To address these requirements, Cadence is working with Samsung Foundry to expand its chiplet ecosystem while developing silicon prototypes built using Samsung’s SF5A process technology. This effort focuses on creating a scalable platform that supports physical AI workloads while overcoming the limitations of traditional monolithic system-on-chip (SoC) designs.
As SoCs become more complex, they face constraints in interconnect density, thermal management, and reticle size. Chiplet architectures, which divide systems into small, individually manufactured functional blocks and integrate them at the package level, are increasingly attracting attention as a way to circumvent these challenges. Chiplets enable heterogeneous integration, allowing designers to combine analog, digital, and AI computational elements without sacrificing performance.

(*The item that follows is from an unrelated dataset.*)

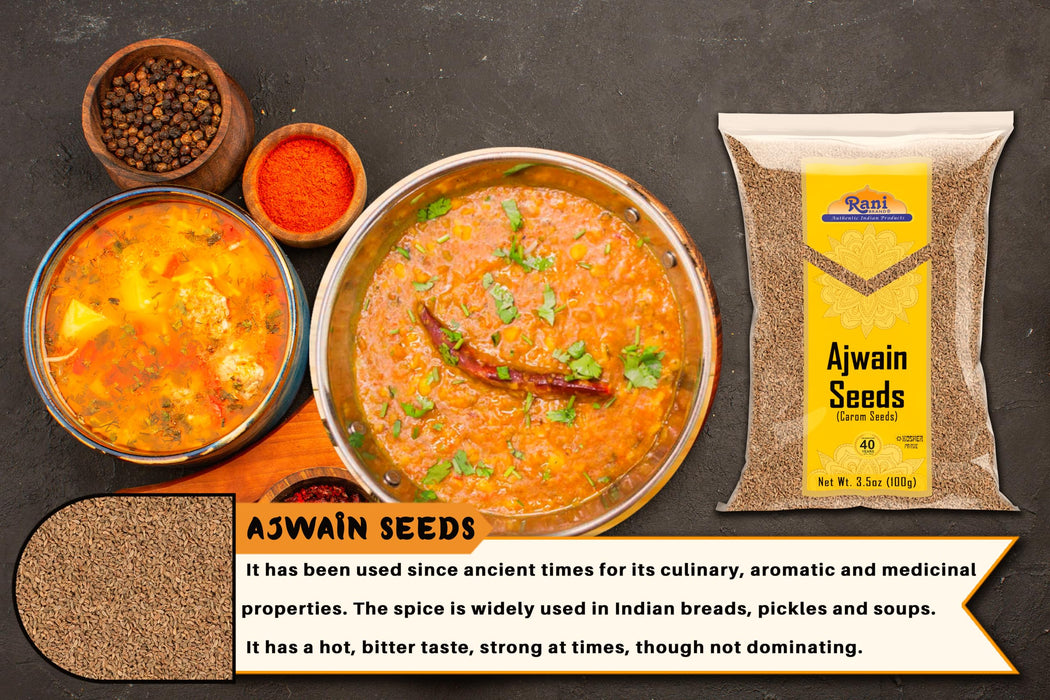 Rani Ajwain Seeds (Carom Bishops Weed) Spice Whole 3.5oz (100g) ~ Natural | Vegan | Gluten Friendly | NON-GMO | Kosher | Indian Origin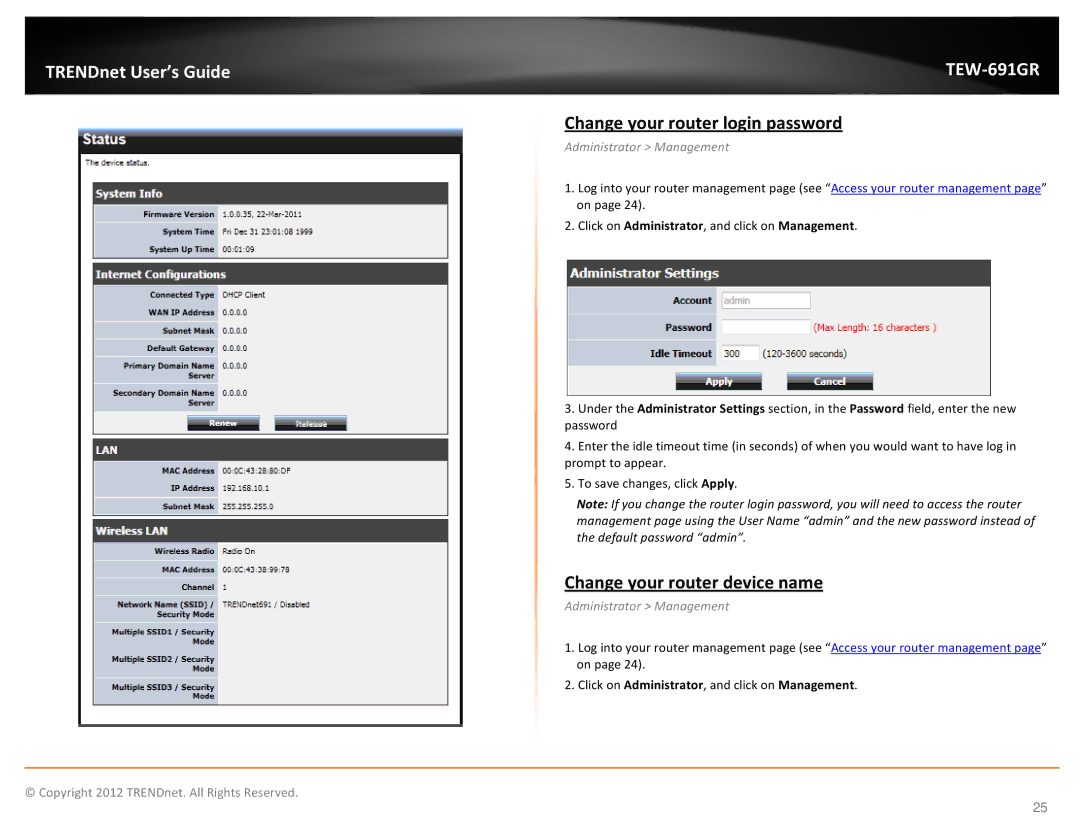 TRENDnet TEW691GR manual Change your router login password, Change your router device name, Administrator Management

This approach also supports design extensibility and reuse. Pre-validated chiplets can be deployed in multiple products, potentially reducing development time and costs. Power efficiency is another advantage, as individual chiplets can be optimized for specific voltage and frequency requirements, which is especially important for battery-powered edge devices. Smaller die improves manufacturing yields, reduces cost per unit, and supports higher volume deployments.
Physical AI workloads can greatly benefit from this model. Applications such as real-time camera processing, AI-enhanced radar in self-driving cars, smart manufacturing equipment, and sensor-driven systems often require high compute density, along with tight power and latency constraints.
Cadence’s specification-to-packaged chiplet ecosystem is designed to streamline engineering processes and accelerate time-to-market for chiplet-based solutions across the physical AI, data center, and high-performance computing markets. As part of the collaboration, Samsung Foundry is co-developing a silicon prototype of Cadence’s physical AI chiplet platform and integrating pre-validated partner intellectual property (IP) implemented on Samsung’s SF5A node.
“We are pleased to work with Cadence to demonstrate the competitiveness of Samsung’s SF5A technology,” said Tae-joon Song, vice president of foundry technology planning at Samsung Electronics. “Through this trusted partnership, we look forward to successfully expanding our ecosystem from chiplet specifications to packaged parts and helping our customers accelerate a reliable path to cutting-edge silicon solutions for physical AI applications, including next-generation automotive design.”
Samsung Foundry offers automotive-grade process technology from the 14nm node to the advanced 2nm node, and SF5A was selected for this project. The company said its automotive processes meet AG2 certification standards and incorporate automotive-specific design methodologies such as AEC-Q100-aware signoff, design for test, and functional safety support. Samsung also highlighted the role of design infrastructure, IP portfolio, and reference flows in accelerating development.
Together, Samsung Foundry and Cadence aim to provide a ready-to-use foundation, reduce development risk through proven IP, and deliver a pre-validated chiplet platform that supports flexible heterogeneous integration.
As the semiconductor industry continues to transition to multi-die architectures, this partnership reflects a broader effort to make chiplet-based designs a viable route to deploying physical AI across robotics, automotive systems, industrial equipment, and consumer devices.